◆ **DATA PROVIDED**
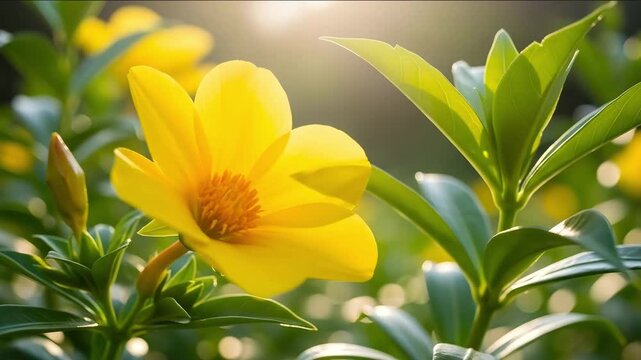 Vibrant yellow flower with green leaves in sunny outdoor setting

==

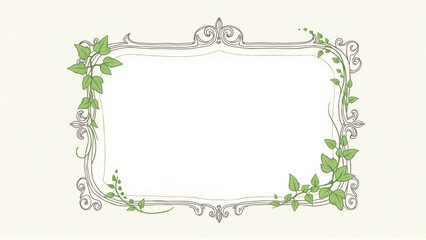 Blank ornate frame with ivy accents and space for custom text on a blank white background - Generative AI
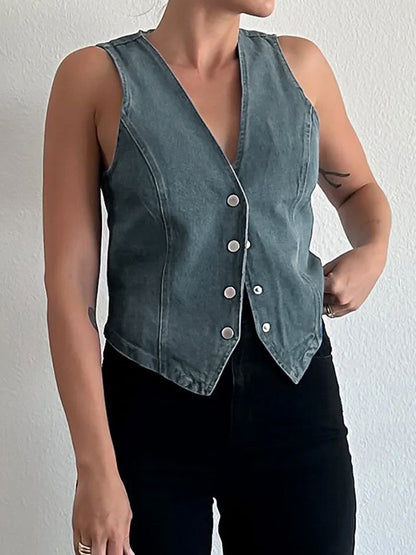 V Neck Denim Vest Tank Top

◆ **WORK REQUIRED**
Set the pictures aside and reproduce exactly the lines above, from the line holding "Blank ornate frame" through the line holding "V Neck Denim Vest Tank Top", both included, with nothing else.

◆ **SOLVED EXERCISE**
 Blank ornate frame with ivy accents and space for custom text on a blank white background - Generative AI
 V Neck Denim Vest Tank Top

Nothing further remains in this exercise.